LIEBLING KREUZBERG / Selbsthilfe / Anwalt Liebling MANFRED KRUG hilft der hübschen Kellnerin Ria MARTINA GEDECK, die von einem Mann belästigt wird
Als Mandantin und Praktikantin des Rechtsanwalts Robert Liebling (Manfred Krug) war Martina Gedeck in zwei Staffeln der Serie "Liebling Kreuzberg" zu sehen. Bildrechte: imago images/United Archives

Martina Gedeck bekam Unterstützung von männlichen Kollegen

Martina Gedeck betont aber auch, "der Sexismus ging nicht von den männlichen Kollegen aus - das waren die herrschenden Strukturen der Fernsehlandschaft zu dieser Zeit."

Sie habe damals sogar Unterstützung von männlichen Hauptdarstellern bekommen. Manfred Krug zum Beispiel habe ihr Tipps gegeben, wie sie sich für kommende Projekte positionieren könne. Auch eine Anekdote mit Schauspiel-Ikone Götz George ist ihr in Erinnerung geblieben:

"Im Film "Schulz & Schulz" habe ich Götz Georges Geliebte gespielt. Ich erinnere mich noch, wie ich aus der Maske kam. Götz ist zusammengebrochen. 'Wie siehst du denn aus?', hat er gefragt – und dann die Maske zusammengeschissen: 'Was habt ihr aus der denn Komisches zusammengebastelt? Mach die, wie sie vorher war!'"

Martina Gedeck und Götz George 1992
"Schulz & Schulz" ist eine fünfteilige TV-Filmreihe, in der Martina Gedeck an der Seite von Götz Geroge spielt. Bildrechte: IMAGO / teutopress

Ungleichheit beim Gehalt -so geht Martina Gedeck damit um

Trotz ihrer Kritik am fragwürdigen Frauenbild von damals, habe sie sich absolut gleichberechtigt gefühlt, sagt die 63-Jährige. "Ich habe das überhaupt nicht überrissen, dass ich als kleines, sexy Überraschungsei eingebaut wurde.
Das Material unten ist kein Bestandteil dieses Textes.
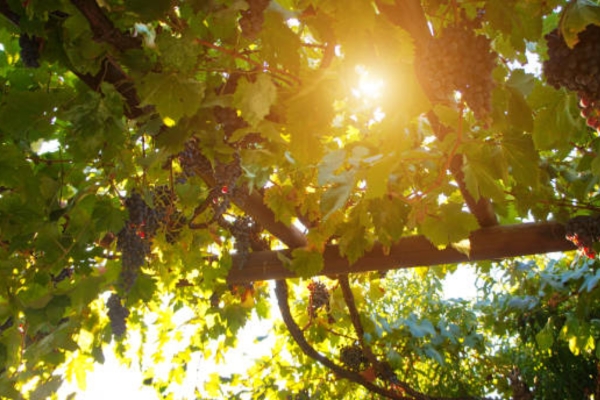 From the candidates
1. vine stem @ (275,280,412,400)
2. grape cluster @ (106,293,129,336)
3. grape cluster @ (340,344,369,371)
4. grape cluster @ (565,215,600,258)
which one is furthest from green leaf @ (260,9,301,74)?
grape cluster @ (340,344,369,371)

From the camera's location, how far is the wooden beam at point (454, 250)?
85.4 inches

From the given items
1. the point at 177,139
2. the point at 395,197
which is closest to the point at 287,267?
the point at 395,197

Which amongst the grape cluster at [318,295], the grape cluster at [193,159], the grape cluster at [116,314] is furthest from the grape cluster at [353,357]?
the grape cluster at [193,159]

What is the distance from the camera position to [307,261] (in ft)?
7.59

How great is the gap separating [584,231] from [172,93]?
178cm

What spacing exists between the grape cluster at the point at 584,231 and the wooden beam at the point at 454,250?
74 mm

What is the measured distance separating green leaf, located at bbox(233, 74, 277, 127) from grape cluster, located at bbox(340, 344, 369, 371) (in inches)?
108

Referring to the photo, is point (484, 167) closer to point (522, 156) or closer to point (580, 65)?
point (522, 156)

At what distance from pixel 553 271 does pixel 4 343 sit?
3.97m

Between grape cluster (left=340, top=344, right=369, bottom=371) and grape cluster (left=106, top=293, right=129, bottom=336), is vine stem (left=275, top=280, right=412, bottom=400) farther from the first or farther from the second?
grape cluster (left=106, top=293, right=129, bottom=336)

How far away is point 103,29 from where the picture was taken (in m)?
1.40

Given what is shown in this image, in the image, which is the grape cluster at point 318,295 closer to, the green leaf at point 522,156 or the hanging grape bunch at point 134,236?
the hanging grape bunch at point 134,236

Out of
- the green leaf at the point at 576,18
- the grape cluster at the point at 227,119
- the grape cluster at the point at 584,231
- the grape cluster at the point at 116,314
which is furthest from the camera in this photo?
the grape cluster at the point at 116,314

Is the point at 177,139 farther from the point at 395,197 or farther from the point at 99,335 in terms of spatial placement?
the point at 99,335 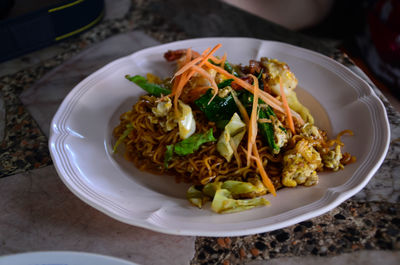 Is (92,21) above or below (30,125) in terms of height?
above

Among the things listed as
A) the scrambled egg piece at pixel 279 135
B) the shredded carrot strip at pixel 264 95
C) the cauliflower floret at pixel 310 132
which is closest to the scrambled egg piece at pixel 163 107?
the shredded carrot strip at pixel 264 95

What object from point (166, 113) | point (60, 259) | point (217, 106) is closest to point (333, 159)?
point (217, 106)

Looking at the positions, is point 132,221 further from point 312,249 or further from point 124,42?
point 124,42

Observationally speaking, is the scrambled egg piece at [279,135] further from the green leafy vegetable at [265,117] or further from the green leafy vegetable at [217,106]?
the green leafy vegetable at [217,106]

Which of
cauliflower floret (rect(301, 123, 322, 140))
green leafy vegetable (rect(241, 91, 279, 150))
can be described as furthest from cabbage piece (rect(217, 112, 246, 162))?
cauliflower floret (rect(301, 123, 322, 140))

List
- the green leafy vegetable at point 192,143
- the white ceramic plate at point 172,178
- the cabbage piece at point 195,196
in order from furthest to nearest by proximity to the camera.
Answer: the green leafy vegetable at point 192,143
the cabbage piece at point 195,196
the white ceramic plate at point 172,178

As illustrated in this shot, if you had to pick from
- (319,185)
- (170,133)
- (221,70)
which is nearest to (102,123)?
(170,133) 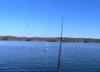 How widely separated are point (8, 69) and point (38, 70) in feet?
18.6

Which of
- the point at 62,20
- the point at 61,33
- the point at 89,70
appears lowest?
the point at 89,70

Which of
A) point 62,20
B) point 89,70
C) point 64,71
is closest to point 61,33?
point 62,20

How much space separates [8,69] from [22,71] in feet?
10.8

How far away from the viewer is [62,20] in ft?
48.2

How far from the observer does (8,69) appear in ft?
128

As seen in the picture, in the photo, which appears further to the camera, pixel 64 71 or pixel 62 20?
pixel 64 71

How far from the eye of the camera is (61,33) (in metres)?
14.3

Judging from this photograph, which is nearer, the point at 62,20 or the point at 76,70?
the point at 62,20

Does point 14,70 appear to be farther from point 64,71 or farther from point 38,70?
point 64,71

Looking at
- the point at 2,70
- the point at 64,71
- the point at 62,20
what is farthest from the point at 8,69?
the point at 62,20

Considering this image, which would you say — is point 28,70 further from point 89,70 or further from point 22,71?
point 89,70

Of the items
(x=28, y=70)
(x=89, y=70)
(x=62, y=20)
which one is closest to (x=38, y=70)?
(x=28, y=70)

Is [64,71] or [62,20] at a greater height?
[62,20]

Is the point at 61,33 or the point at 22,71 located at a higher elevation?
the point at 61,33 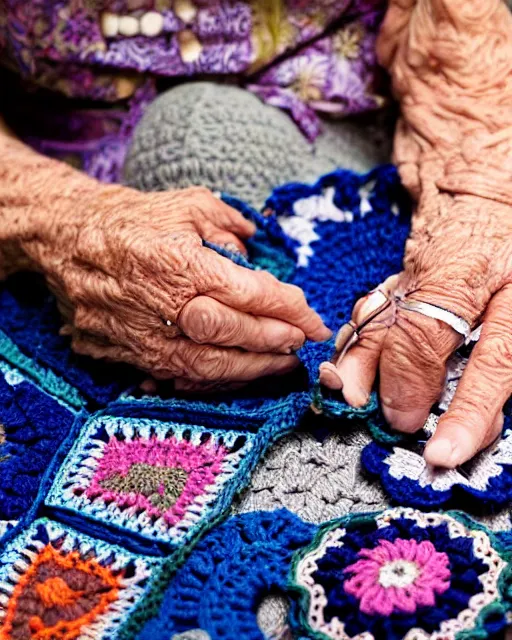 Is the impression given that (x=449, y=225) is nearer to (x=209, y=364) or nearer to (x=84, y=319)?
(x=209, y=364)

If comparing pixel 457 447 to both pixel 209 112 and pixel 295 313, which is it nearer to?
pixel 295 313

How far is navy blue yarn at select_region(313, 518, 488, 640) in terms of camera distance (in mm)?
810

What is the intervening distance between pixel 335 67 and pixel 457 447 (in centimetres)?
79

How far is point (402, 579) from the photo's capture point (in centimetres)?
85

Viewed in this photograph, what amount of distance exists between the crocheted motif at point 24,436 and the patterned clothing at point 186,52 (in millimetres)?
514

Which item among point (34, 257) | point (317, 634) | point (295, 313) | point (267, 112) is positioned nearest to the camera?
point (317, 634)

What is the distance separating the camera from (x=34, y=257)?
4.03 ft

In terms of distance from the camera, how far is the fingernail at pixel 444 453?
0.90 m

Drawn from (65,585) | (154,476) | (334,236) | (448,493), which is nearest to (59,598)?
(65,585)

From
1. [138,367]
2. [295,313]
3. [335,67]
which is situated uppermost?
[335,67]

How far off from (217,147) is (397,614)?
29.4 inches

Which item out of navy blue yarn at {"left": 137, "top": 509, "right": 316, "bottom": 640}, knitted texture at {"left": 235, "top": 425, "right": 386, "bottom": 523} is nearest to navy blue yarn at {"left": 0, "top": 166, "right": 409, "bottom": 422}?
knitted texture at {"left": 235, "top": 425, "right": 386, "bottom": 523}

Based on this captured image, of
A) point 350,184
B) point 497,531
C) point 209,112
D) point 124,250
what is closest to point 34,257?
point 124,250

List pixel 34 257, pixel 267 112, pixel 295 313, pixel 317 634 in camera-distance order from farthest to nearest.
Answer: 1. pixel 267 112
2. pixel 34 257
3. pixel 295 313
4. pixel 317 634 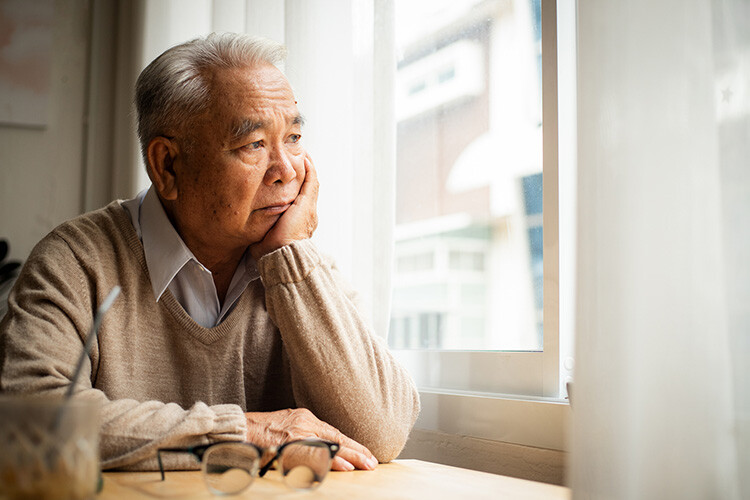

Insofern war ich innerlich unabhängig und frei. Ich habe mich in erster Linie mit dem Spielen beschäftigt. Ich wollte das Handwerk lernen."

Was sie aber gestört hat? Der Unterschied beim Gehalt!

Ich kann mich gut erinnern. Damals hatte ich vom Regisseur erfahren, dass ein Schauspieler in meiner Preisklasse viel mehr verdiente. Also frage ich meine Agentin: Wieso kriegt der pro Drehtag fast die Hälfte mehr als ich? Da sagt sie: 'Ja, weil der ein Mann ist, Martina.'

Martina Gedeck "Neue Osnabrücker Zeitung"

Ab dem Moment habe sie Gagen rigoros eingefordert. "Zum Glück konnte ich das da schon."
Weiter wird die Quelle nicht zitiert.